Sophia: feedback & questions from Henning Diedrich

I had some discussion lately with @brianiac.5, the inventor of Lexon and one of the judges of the past DAO-FI Fusion Hackathon and he provided me some feedback & questions that I want to share here and get answered/commented by @radrow.chain, @ghallakaeternity.chain or @hanssv.chain :slight_smile:

Question 1 (Henning)
As discussed in the community live event of the hackathon: is it true that you can’t dynamically hook in any functionality afterewards in any way? A la Solidity delegatecall()?

Question 2 (Henning)
Have you made the extension that you can write state.a = b instead of put(state{a = b})?

Comment (Henning)
In general I also think that some people give up with None and Some(_). Would be great if you could find “Sugar” for the necessary switches for assignment and readout, so that you don’t have to use option functions (e.g. Option.force) everywhere.

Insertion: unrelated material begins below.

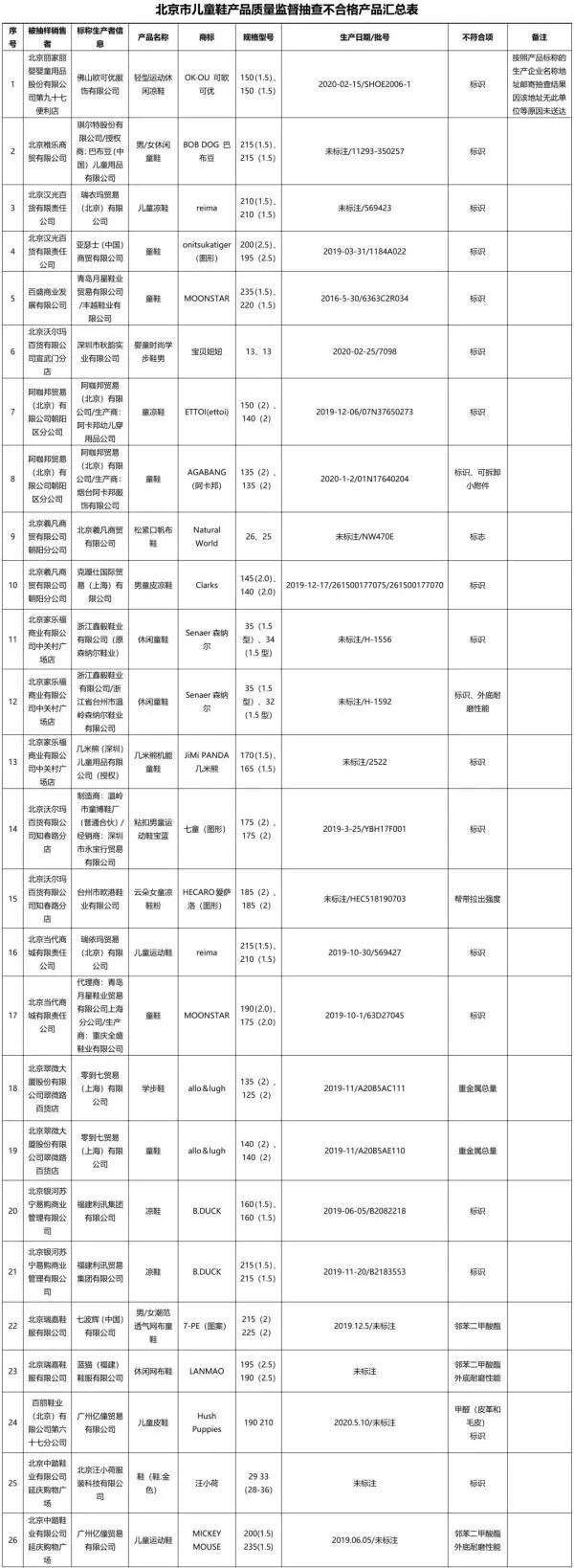 注意：北京市市場監(jiān)管局最新發(fā)布！這46組童裝、童鞋不合格！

I have specially developed an option that you can create ‘unsafe’ code, but it is much more readable. Isn’t it supposed to be one of FP’s strengths, that it’s WELL readable?

The assignment via put(), combined with Option.force makes the code so unreadable that it again becomes harder to find errors, maybe “just” even harder to understand it and keep track of the business logic behind it. Little effort is needed for this, I think, as allowing “Sugar” to break up the pure doctrine and also make it more inviting to newcomers. But also purely practical, to make it more readable.

Specifically, I mean things like:

switch(state.x)
   None => put(state{x = y})
   Some(_) => put(state{x = x + Option.force(y)})

Alternatively probably:

put(state{Option.default(x, 0) + Option.default(y, 0)

Where the simple point is to please make x += y.

Comment (Henning)
Ref: Syntax - æternity Sophia Language

I think a sophisticated language like Sophia should be documented a bit more extensively. I’m probably not alone in not watching videos and tutorials. I like to have the basics dense. But this is a little too dense for me. The content should be presented in a slightly less encapsulated way.

Feature request (Henning)
It would be great if the compiler allows block comments, example:

Message(/* from */ indexed address, /* to */ indexed address, string)


Comment (Marco)
Henning also mentioned that he in general loves Sophia, just to make that one clear :smiley:

This is just some feedback I wanted to share here in the forum to discuss.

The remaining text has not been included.